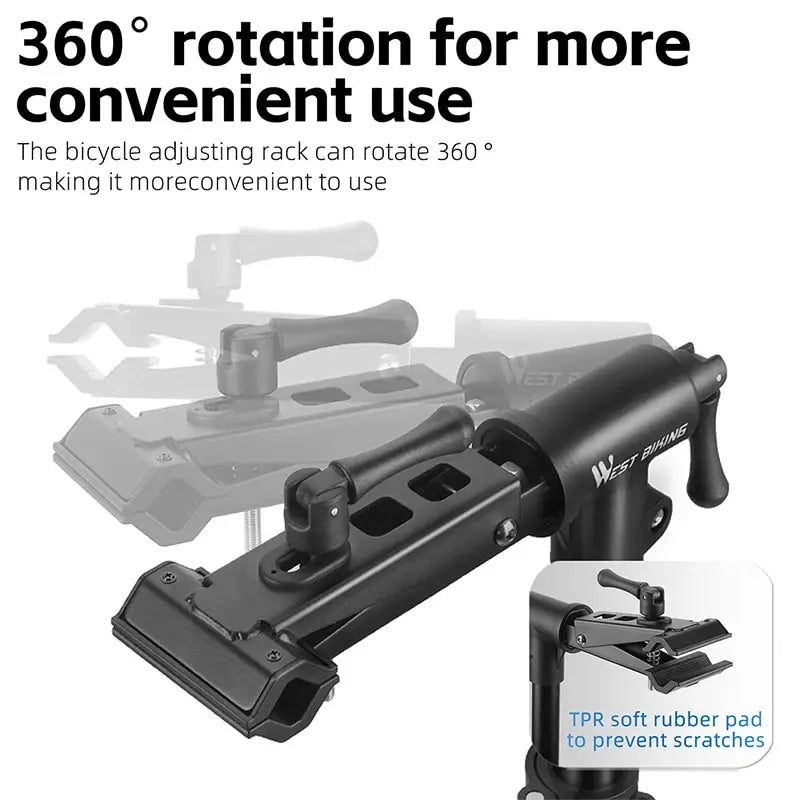WEST BIKING Foldable Bicycle Repair Stand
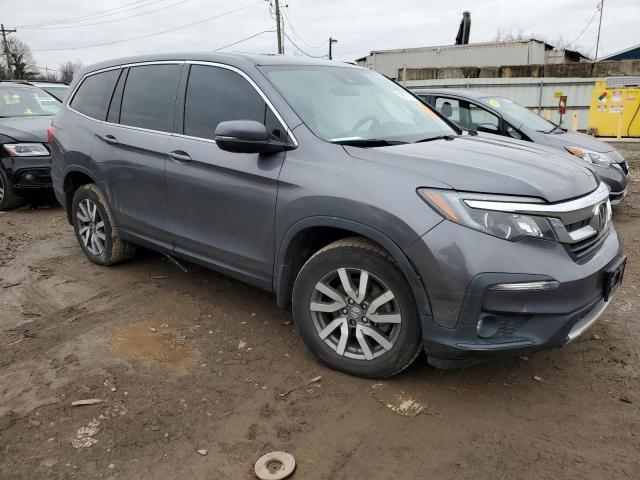 2021 HONDA PILOT EXL 5FNYF6H53MB100136  39921914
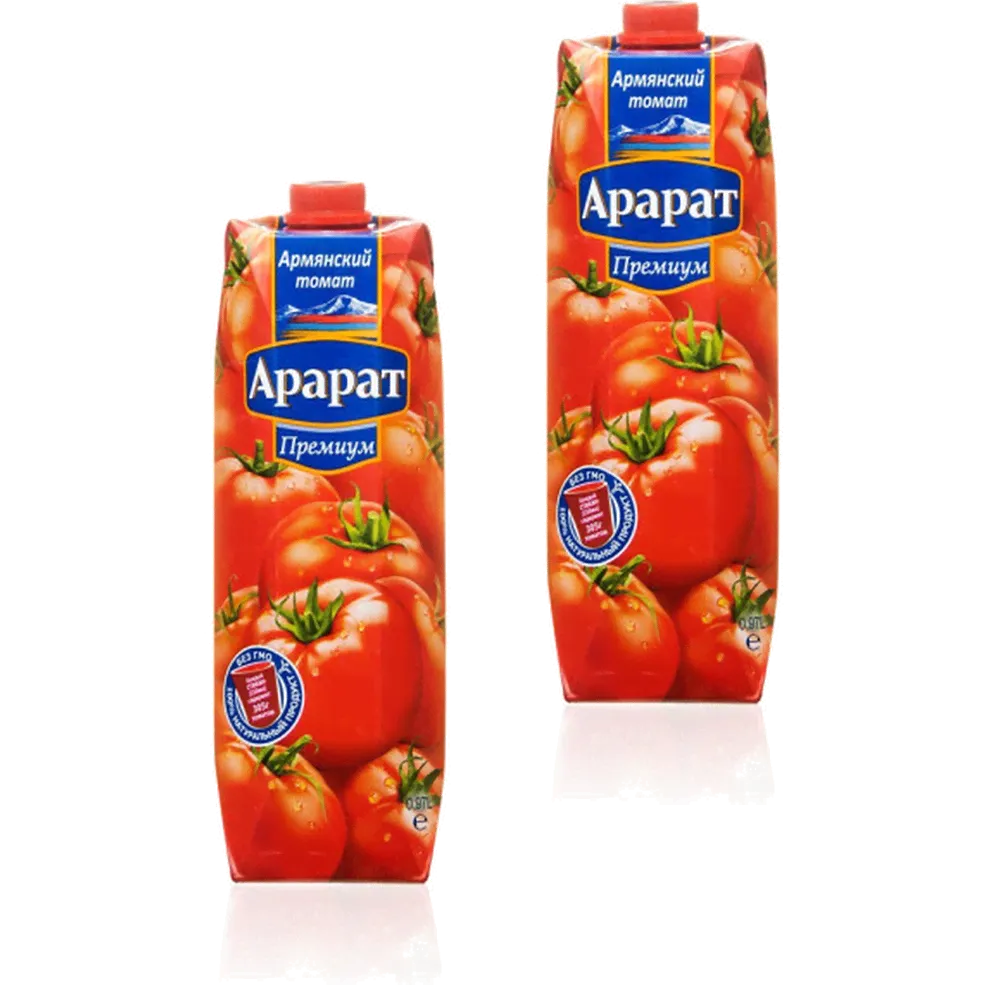 Сок Томатный 1 л Арарат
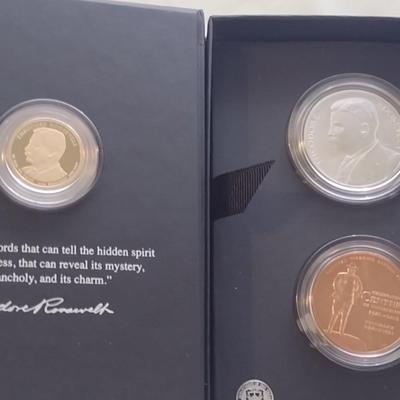 2013 U.S. Mint Theodore Roosevelt Coin and Chronicles Set (#44)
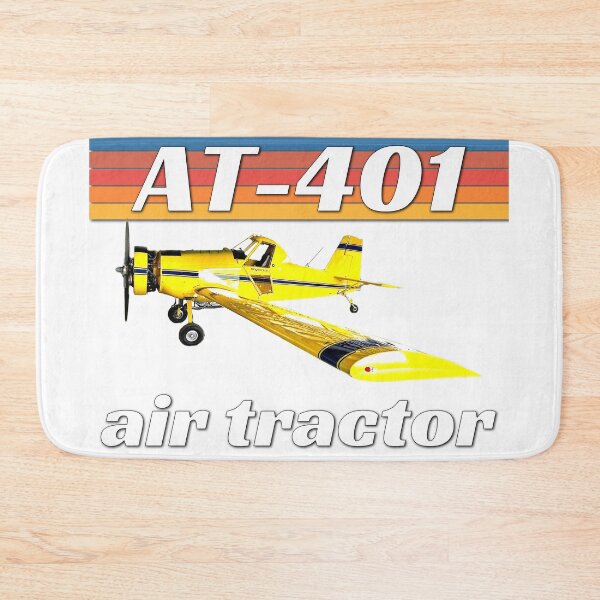 Item preview, AT 401 Crop Duster Plane, Air Tractor Airplane, Farming Airplane designed and sold by BubbaCommerce.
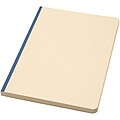 Liliana A5 sugarcane and RPET soft cover notebook, ocean blue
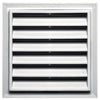 Hardware store usa |  12x12 SQ WHT Gable Vent | 120051212123 | BORAL BUILDING PRODUCTS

**Exercise aim**: Since the copy must exclude the pictures, transcribe only the text of the records, word for word.

**Response to this exercise**:
WEST BIKING Foldable Bicycle Repair Stand
 2021 HONDA PILOT EXL 5FNYF6H53MB100136  39921914
 Сок Томатный 1 л Арарат
 2013 U.S. Mint Theodore Roosevelt Coin and Chronicles Set (#44)
 Item preview, AT 401 Crop Duster Plane, Air Tractor Airplane, Farming Airplane designed and sold by BubbaCommerce.
 Liliana A5 sugarcane and RPET soft cover notebook, ocean blue
 Hardware store usa |  12x12 SQ WHT Gable Vent | 120051212123 | BORAL BUILDING PRODUCTS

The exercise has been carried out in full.